1950, directed by Clyde Geronimi, Hamilton Luske, and Wilfred Jackson

I adore accidental absurdism in my mediocre movies, and one of my absolute favorites is in Cinderella. I went a very long time without seeing this movie, so although I knew the songs and understood the mice spoke in these curious high-pitched voices, I didn’t realize how weird they were until I was assaulted with them. They sound like French children trying to speak English at the speed of light. Scenes where they talk to each other without Cinderella’s intervention border on sheer lunacy. Even if I were not an avowed cat person, I kind of imagine that I would root for Lucifer (who runs like a paddle steamer would if it were forced on land) to eat these little nuggets up anyway. I mean, look at him. On the whole, the animals of this movie—who take up a surprisingly large chunk of the first half of the picture!—are amusing enough, and it’s worth it to indulge their presence. If nothing else, they put a riff on what is quite possibly the world’s most famous story, and they are at least more memorable than the prince’s belligerent father and his skinny, maladroit secretary.

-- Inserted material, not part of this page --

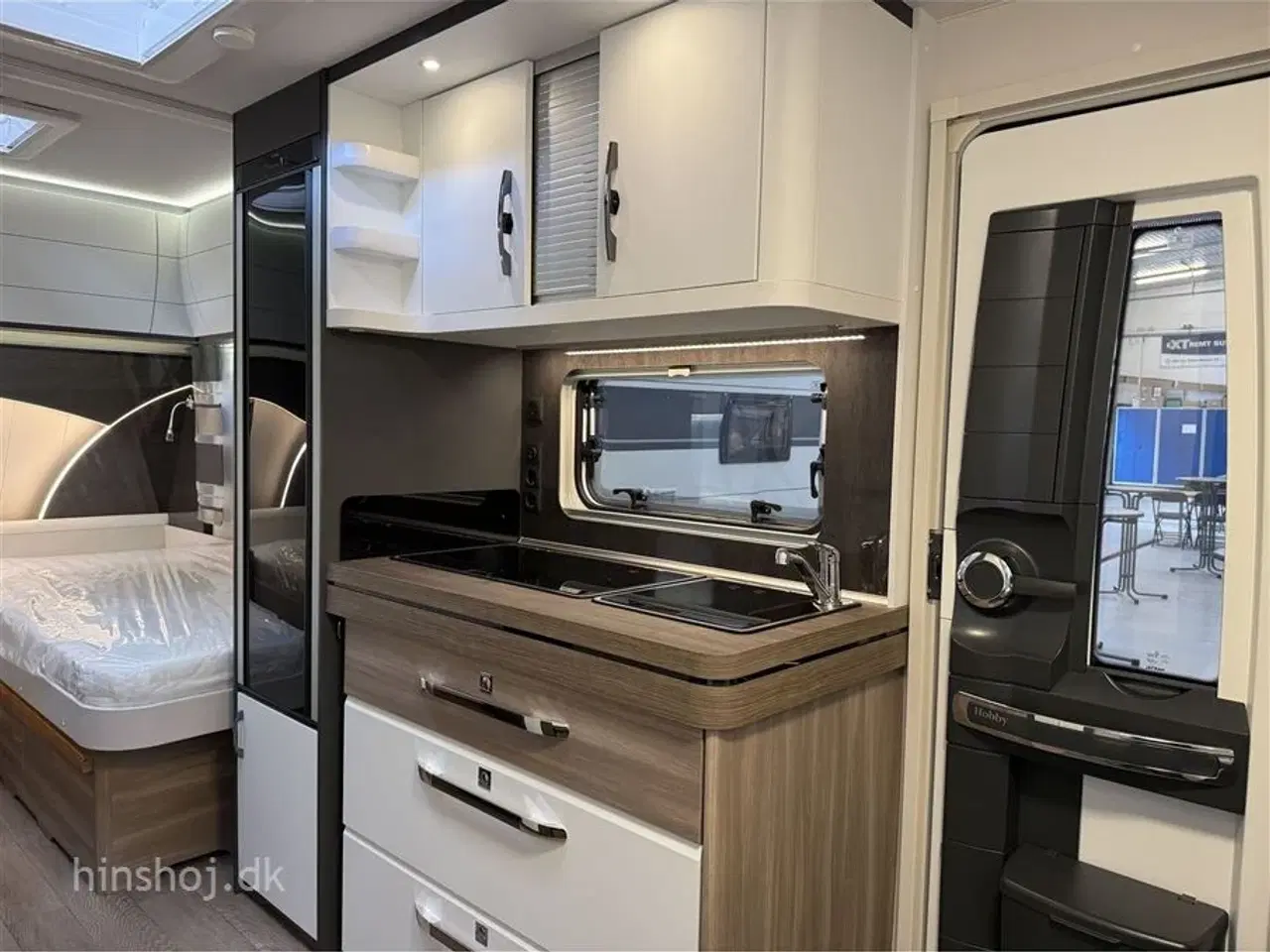 Billede 4 - 2025 - Hobby Excellent Edition 495 UL   Super flot enkelsengsvogn i de flotte farver fra Hinshøj Caravan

There’s some really intricate animation in Cinderella as long as it’s not about people. During the “Sing, Sweet Nightingale” segment, there’s about forty-five seconds where Cinderella is washing the floor, which often comes in this blue-green, a tile look that appears to belong at the bottom of a pretty swimming pool. As she sings, each bubble takes her reflection, and the soap bubbles, iridescent rainbows that they become, show a kaleidoscope of Cinderellas; they pop and explode all at once when she realizes that Lucifer, in the most kitty-ish way possible, has found her abundantly full dustpan and begun to bounce around with the debris. “So This Is Love,” aside from being sneakily the best song in the movie (those of you voting for “Bibbidi-Bobbidi-Boo” will find the plank you’re going to walk down the hall), is animated in salmon and blue contrasts, the light of the castle seeping out into the gloaming as the stars twinkle and the fountains ripple. This most beautiful animation, however, is rationed; a movie that luminous would probably have taken forever to make and cost all the money, and our loss is the movie’s loss here as well as most of the tropes of mid-century Disney animation are on display here. Only the villain is even slightly memorable—Lady Tremaine is voiced wonderfully by Eleanor Audley, who would go on to voice Maleficent—and our whitebread heroine pales in contrast to the simple cruelty that her stepmother brings to bear. Although she has no magic at her fingertips, Cinderella’s stepmother has the power to force her sweet ward to work shift after shift. It’s almost comforting to believe in a malefactor like Maleficent, who is obviously fictional, in lieu of Lady Tremaine: all of us know what it’s like to have a boss.